E così, mentre da un lato c’è Carlos Sainz che, allo sventolare della bandiera a scacchi, si apre in team radio e inizia a canticchiare, felice come non mai, dall’altro c’è l’urlo di George Russell, un urlo quasi disperato, che esprime tutta la delusione e l’amarezza per un podio sfumato all’ultimo.

Anche le lacrime di Singapore, come quelle di Sakhir, ci dicono qualcosa di George.

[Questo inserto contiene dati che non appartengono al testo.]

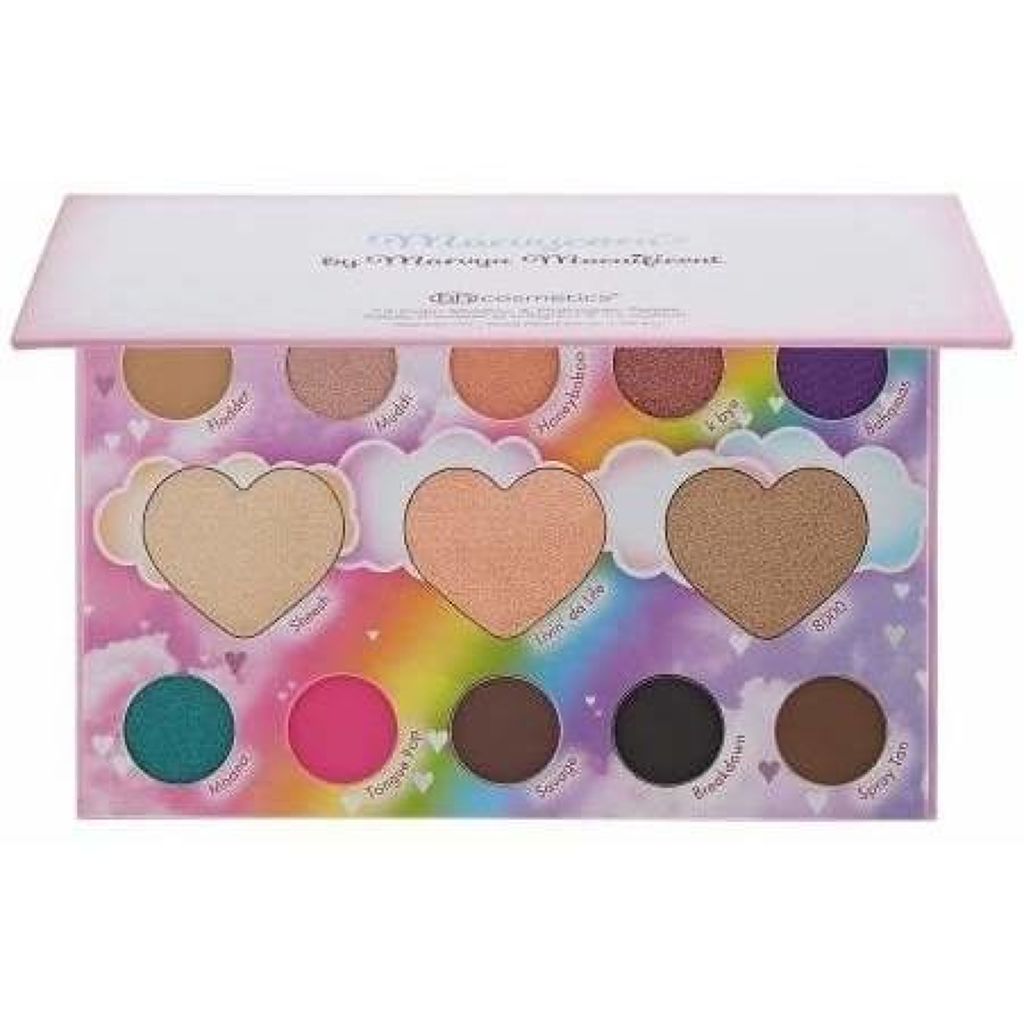 bh cosmetics Marvycorn by Marvyn Macnificent - 13 Color Shadow & Highlighter Palette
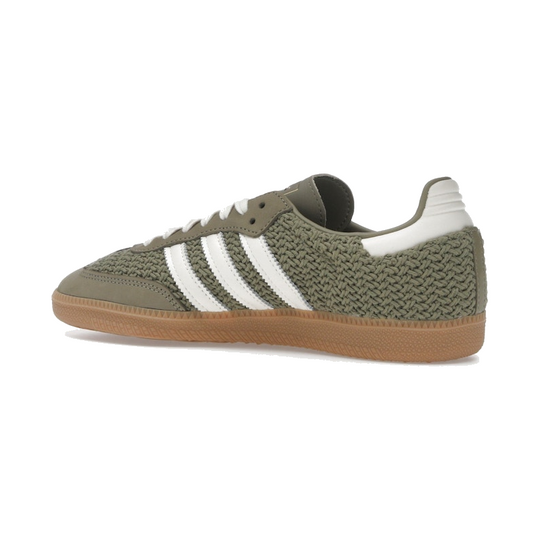 Adidas Samba OG Crochet Pack Orbit Green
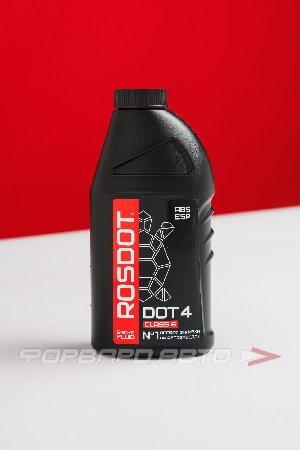 Купить Жидкость тормозная DOT-4, CLASS 6 , 455гр ROSDOT 430140001 Жидкость тормозная DOT-4, CLASS 6 , 455гр ROSDOT 430140001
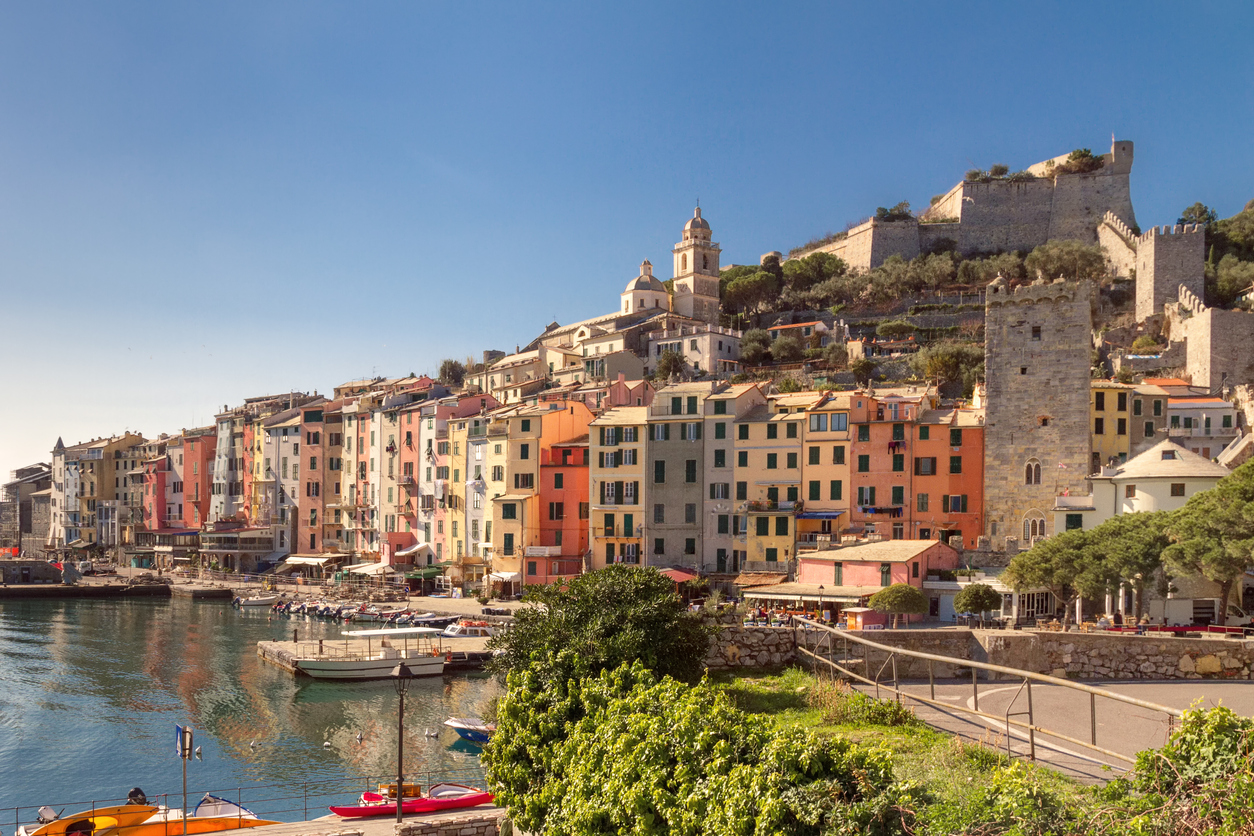orasul italienesc Portovenere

Ci mostrano che è sempre lo stesso, anche se sono passati tre anni, anche se dalla lotta nelle retrovie è passato alla lotta per i podi e le vittorie: è sempre lui, George, che in un momento del genere non riesce a trattenere le emozioni e nemmeno cerca di nasconderle, perché lo sport è fatto di questo, di emozioni.

Queste lacrime ci dicono che George, nonostante l’esperienza accumulata, ha paura di deludere la squadra che più di tutte ha creduto in lui, offrendogli la possibilità di lottare per le posizioni che contano.

Questa volta, però, a differenza di Sakhir, c’è più intransigenza verso un errore del genere, commesso in un momento così delicato, in cui mantenere la concentrazione è fondamentale. Tutti ormai sanno di cos’è capace George Russell, perché in fondo non è più un rookie e certi errori non sono più permessi.

Ma sono quelle lacrime che ci dimostrano che alla fine è una persona anche lui, che commette errori, ed è giusto che lo faccia, ora che è giovane e che ha tutto il tempo di imparare e migliorare.

Un’altra cosa che ci dicono le sue lacrime, una delle più importanti, è che nella vita, così come in Formula 1, ogni cosa accade per una ragione e quando tutto sembra andare storto, forse non è il momento giusto. E va bene così, perché prima o poi quel momento arriverà e sarà allora che ricorderai che le lacrime, la delusione, il dolore, sono serviti a prepararti a qualcosa di meglio.

Perché dopo una gara come Sakhir 2020 ce n’è un’altra come Interlagos 2022, basta solo aspettare.